Appellate justices, however, sided with O’Hara, similarly finding Brunswick learned of the jury note at least 10 minutes before appearing in court to confirm the settlement before the judge, and yet waited days to object.
The justices declared McNabola’s alleged actions weren’t severe enough to allow the settlement to be vacated.
“… While violation of these rules may be relevant to the standard of care in a legal malpractice claim, the rules themselves do not establish a separate duty or cause of action,” the justices wrote. “As such, the rules of professional conduct cannot give rise to McNabola’s duty to speak, the violation of which served as the basis of Brunswick’s fraudulent concealment claim. Without establishing that duty, Brunswick cannot prove fraudulent concealment as a means to vacate the parties’ settlement agreement.”
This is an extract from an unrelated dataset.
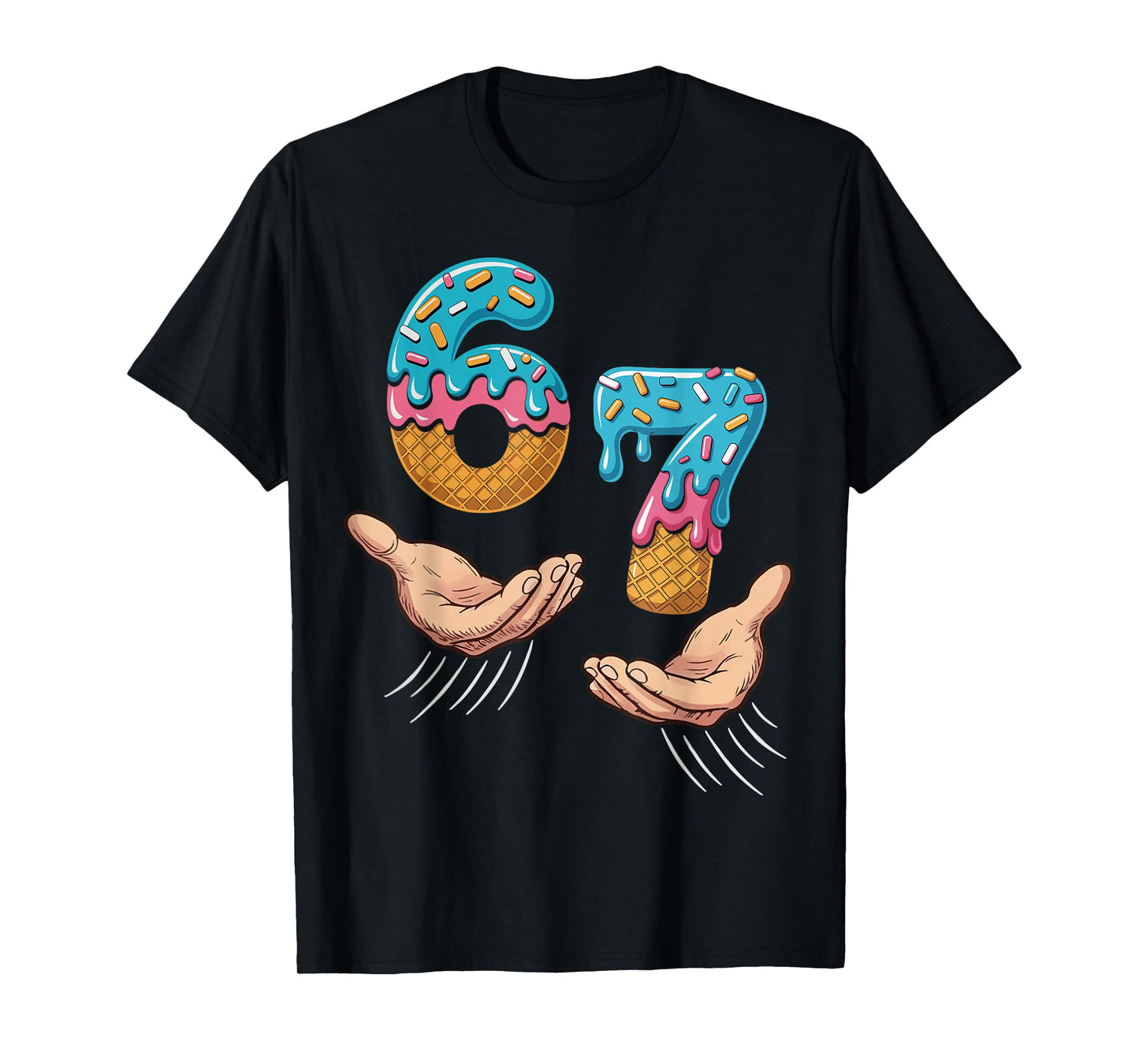Six Seven 6 7 Ice Cream Hands Meme Graphic for Kids T-Shirt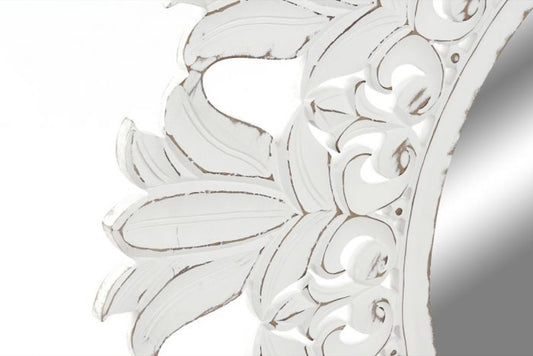 Espejo de Madera Tallada - "Mandala" Blanco Decape - Ø121CM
Further, the justices said the settlement could not be vacated at this point, because, to do so, would give Brunswick an advantage in renegotiating with Vandenberg, or simply refusing to do so, as both sides now knew a jury could return a verdict in favor of the boatmaker.
“… We find that rescission of the settlement would do an injustice to plaintiffs (Vandenbergs), whom Judge Lynch found had ‘clean hands’ in the jury note matter and formed their intent to accept the settlement offer prior to Agee’s 3:52 p.m. call to McNabola,” the justices wrote. “In fact, had McNabola relayed the acceptance of Brunswick’s offer immediately after plaintiffs informed him of it at 3:40 p.m., the parties would have entered into a valid settlement prior to the court receiving the jury note at approximately 3:50 p.m., with no mistake as grounds for rescission.”
According to Cook County court records, Brunswick is represented in the action by attorneys with the firm of Winston & Strawn LLP, of Chicago.
The Vandenbergs are now represented by the firm of Power Rogers & Smith P.C., of Chicago.
In December 2016, Brunswick filed suit against McNabola, alleging his actions violated their rights to due process and cost them the chance at a fair trial and resolution to that trial, misleading them into agreeing to the settlement deal with the Vandenbergs. That case was initially dismissed by a federal judge, and a motion to dismiss an amended version of Brunswick's lawsuit is pending in Chicago federal court.